Kali ini Mas Fahmi Laki-laki ketiga yang meninggalkan-ku dan memilih Menikah dengan Perempuan lain. Alasannya cuma satu, Aku tidak mau di ajak menginap di hotel bersamanya. Walaupun kita akan menikah sebentar lagi. Aku menolak mentah-mentah ajakannya. Enak saja, belum menikah tapi udah pengen anboxing duluan!

Aku berjalan keluar dari kantor menuju parkiran. Badanku lemas, membayangkan betapa malangnya nasibku ini. Aku memang mencintai Mas Fahmi, tapi Aku lebih mencintai diriku sendiri. Aku juga tidak menyangka jika Mas Fahmi sudah keluar dari batas sejauh itu. Baru putus hubungan lamaran denganku, dia langsung menikahi Wanita lain. Ntah sejak kapan mereka bertemu dan menjalani hubungan, pasti saat Mas Fahmi sudah lamaran denganku. Atau bahkan saat sebelum melamarku.

Aku baru lamaran dengan Mas Fahmi sebulan yang lalu, dan seminggu yang lalu kami memutuskan untuk berpisah. Padahal tanggal pernikahan sudah kami tentukan. Tapi, mungkin ini yang di namakan bukan Jodoh. Dan hari ini Mas Fahmi sudah menikah dengan Wanita lain yang menjadi pilihannya.

Aku terus berjalan menyusuri parkiran dan masuk kedalam Mobil kesayanganku.

Baru juga masuk mobil, air mataku merembes keluar seperti keran bocor.

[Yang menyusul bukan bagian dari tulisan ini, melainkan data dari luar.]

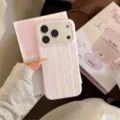 Gros plan de la coque iPhone 16 à rayures roses et lilas avec anneau magnétique - Magnétique / Rayures Vert Rose Fumé / iPhone 17 Pro Max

"Hiks, Mas Fahmiiii..." Tangisku pecah, mengingat kenangan yang pernah kami lalui walaupun tak terlalu lama. Rasanya, Aku sangat kecewa, Aku dan Mas Fahmi sudah satu tahun bersama. Kemarin Anniversary ke satu tahun pas dia melamarku. Aku sangat bahagia, tidak menyangka akhirnya jadi seperti ini.

Aku mengusap pipiku kasar, menghapus jejak air mata yang terus mengalir. Setelah ku pikir-pikir buat apa Aku menangisi Laki-laki tidak berakhlak seperti Fahmi? Yang baru niat menikah saja sudah minta macam-macam.

Aku mulai melajukan Mobilku meninggalkan parkiran dan pikiran bodohku soal Fahmi. Gausah pake kata 'Mas' lagi! Aku sangat muak sekarang.

Sampai di rumah, Aku melihat Mama-ku sibuk memilih Dress yang ntah akan dia pakai kemana.

"Ehh, Nay. Udah pulang Sayang?" kata Mama lembut.

Aku mengangguk, "Iya, Mah. Mama mau kemana udah milih-milih Dress gitu?" kataku pelan.

Mama mengernyit. "Loh, ini buat kamu, Sayang. Bukannya kamu mau dateng ke Nikahan si Fahmi?" kata Mama sambil terus memilah Dress.

"Nggak Mah! Aku gak akan mau datang." jawabku sedikit kesal. Bukan karena Mamaku, tapi mendengar namanya saja Aku pengen muntah.

Oh, ya. Satu lagi, Fahmi mengundangku ke acara Pernikahannya, sangat baik sekali bukan?

"Gak boleh gitu dong, Sayang. Kamu mau di anggap lemah atau gagal move on sama Fahmi kalo gak dateng?" Mama jalan mendekati Aku yang sudah terlihat frustasi.

"Nggak mau! T-tapi, Mah..." kataku terbata Aku lemas,lesu,lunglai jadi satu rasanya, perasaanku campur aduk.

"Ayo dong Sayang, kuat yaa. Mama yakin Nayla bisa ngelewatin ini. Nayla anak Mama yang hebat." kata Mamaku sambil mengusap lembut kepalaku.

"Lagi pula, kalo Aku dateng, masa Aku kesana nya sendiri-an, Aku malu, Mah." rengekku mencoba mencari alasan biar tidak usah datang ke Nikahan si ketan itu. Eh Mantan maksudnya.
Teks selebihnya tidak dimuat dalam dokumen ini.